Walk number 2 today. Valletta peninsula. A no-brainer with the transport for this one as we will start and finish at the same point. Therefore I parked at the MCP carpark just outside the gates of Valletta.
We started the walk at the Triton fountain which is just outside Valletta City Gates. It has recently been restored and only opened last week so this was the first time I had seen the statue in all it’s glory. It makes a very impressive entrance to the city with three bronze tritons holding up a platter and jets of water shooting up from the platter and the sides. I haven’t done it justice at all in this picture but it was quite overcast as we started.
Taco and I entered through Valletta City Gates a to start our walk. Ahead of us is a sea of red and gold flags which were been put up for the opening of the Valletta 2018, Capital of Culture. It’s tempting to head into the centre of Valletta and see what’s going on but I remind myself that I’m on a mission to do this walk around the edge (and on a deadline with my school pickup). So Taco and I headed straight up the grand stone steps to our left and head to the edge of the peninsula. Here’s Taco at the bottom of the steps and looking quite tired already! Come on Taco!
At the top of the stairs are Hastings Gardens – small gardens with a war memorial and some great views over to Sliema, Tigne Point and Fort Manoel. This view was particularly interesting because I could see exactly where we had walked last time. Wow – we walked far! And that was only the last bit… Starring at the high rise apartments of Sliema I wonder – is it better to live in Sliema with views of historic Valletta. Or live in Valletta amongst the historic buildings with views of the high rise apartments in Sliema? Probably it’s just better to live in San Gwann and view a nice valley… anyway.. on with the walk.
Valletta is a city with a high wall around it so I’m walking inside the wall mainly high up rather than down at sea level. Mainly because I want the views and also because I’m not sure if you can walk round at sea level all the way. We started to follow along the wall and looking forward towards the end of the peninsula got a beautiful view of the whole city. Below in the photo you can see the domed roof of the Carmelite Church which dates back to the 16th century. To the left of the Church you can see St Paul’s Pro-Cathedral with its tall tower which was built later in the 19th Century.
We continue on our way passing the Sliema /Valletta ferry terminal and a very uninviting disused sea pool…
A bit further along and we can actually walk down onto the beach. Taco gets five minutes off the lead barking at cats (who were enjoying a nice sleep up until now) and I get to photograph some pretty fisherman cottages.

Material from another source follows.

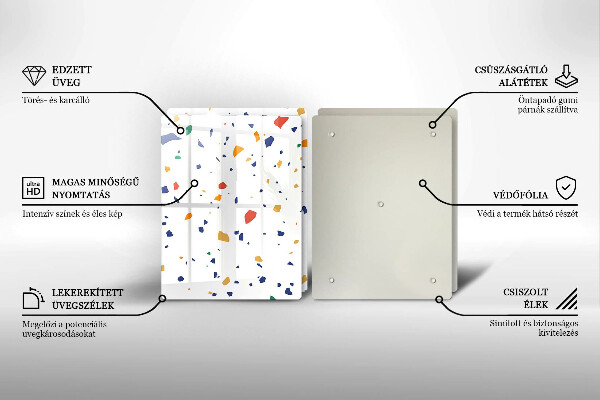 Sklenená doska na krájanie Farebná kamenina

We continue on towards the end of the peninsula and cut across the top by Fort St Elmo and the National War museum. This section I know better having walked it a few times. We continue along to the impressive Siege Bell War Memorial which is a huge bell tower and the Sleeping Soldier Memorial. The Bell was installed in 1992 to mark the 50th anniversary of the awarding of the St George Cross to the island of Malta during WWII. The unusual huge bronze solider represents ‘the burial of the corpse of the unknown solider at sea’ and if you stand back he kind of looks like he’s floating at sea. Climbing up to the top of the bell tower I have a stunning view across the Grand Harbour.
We stroll along to the lower Barrakka Gardens and gaze across the water at the impressive three fortified cities. This is where the next walk will be. Hmmmm, three peninsulas…
Finally we head to the upper Barrakka Gardens and from here you can see the Saluting Battery which overlooks Fort St Angelo and the Grand Harbour. There are 8 working replica cannons which fire at 12noon and 4pm everyday (a good tourist outing which the kids enjoy). There’s a little bit of space to roam around these public gardens and plenty of pigeons for Taco to bark at. Here we take the lift down to sea level, Lascaris Wharf (Taco was a bit freaked out in the lift) walk past the Valletta Sea Ferry Terminal and then headed along to Valletta Waterfront in Floriana. Valletta Waterfront consists of a string of restaurants and bars and the main ferry terminal so it serves the cruise liners that dock as well as tourists. However it’s quite pretty as the buildings are all restored 18th century stores and warehouses.
To finish our walk we had to double back on ourselves a bit. We cut through the road leading into Floriana outside the entrance to the city gates. The sun had really come out and it was a beautiful January day (is this really winter??). We found the Triton Fountain where we’d stared the walk and had a drink of water (from a waterbottle not the fountain). Taco looked really knackered and I was quite tired too. We actually walked for 2 1/2 hours but we spent about 35 minutes at the beginning trying to find a good place to start the walk (lesson to be learnt there…). So really the walk was just under 2 hours. Of course you could make a lot of stops on this walk as there is so much to see. Walk no. 2 complete. Next time the three cities….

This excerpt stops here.